# Replacing the current by the fields in electromagnetism.

1. Jan 20, 2014

### kalish

hello,
In electromagnetism from the Lagrangian formulation, one can defines a canonical momentum and applying Euler's equation to that momentum gives the lorentz law.

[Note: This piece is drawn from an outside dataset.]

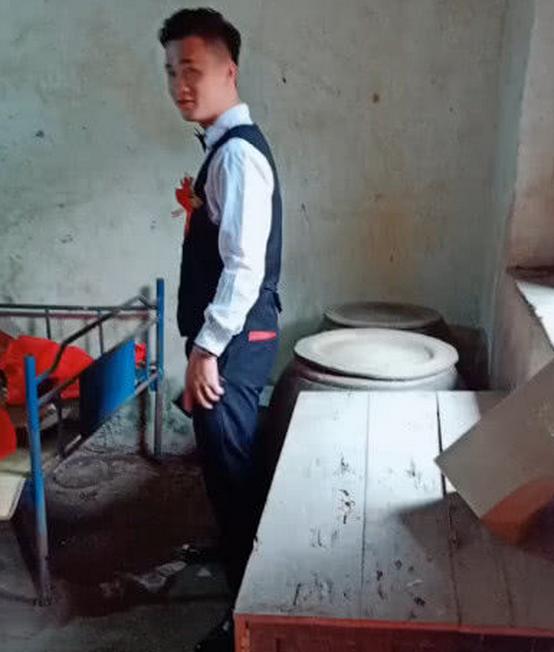 農村辦婚禮「男方卻家徒四壁」!看到「新娘的模樣」後網友:再次相信愛情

To get the Lorentz law, one uses a vector identity, only available because it is said the speed V does not 'feel' the differential operator, for example, that equation
$$\frac{d\vec P}{dt} + q\frac{\partial\vec A}{\partial t} + q \vec V.\vec\nabla \vec A= -q\vec\nabla \phi + q\vec\nabla (\vec A.\vec V)$$
becomes

$$\frac{d\vec P}{dt} =- q\frac{\partial\vec A}{\partial t} -q\vec\nabla \phi + q\vec\nabla \times (\vec \nabla \times\vec A)$$

because
$$\vec\nabla (\vec A.\vec V)- \vec V.\vec\nabla \vec A= \vec\nabla \times (\vec \nabla \times\vec A)$$
in that case.
The problem is, if I replace
$$q\vec V = \vec \nabla \times \vec B -\frac{\partial \vec E}{\partial t}$$ from the Maxwell's equation (sorry for the permittivity and permeability let's say = 1) I can perfectly apply a differential operator on that object. So why we should not apply a differential operator on $$q\vec V$$
?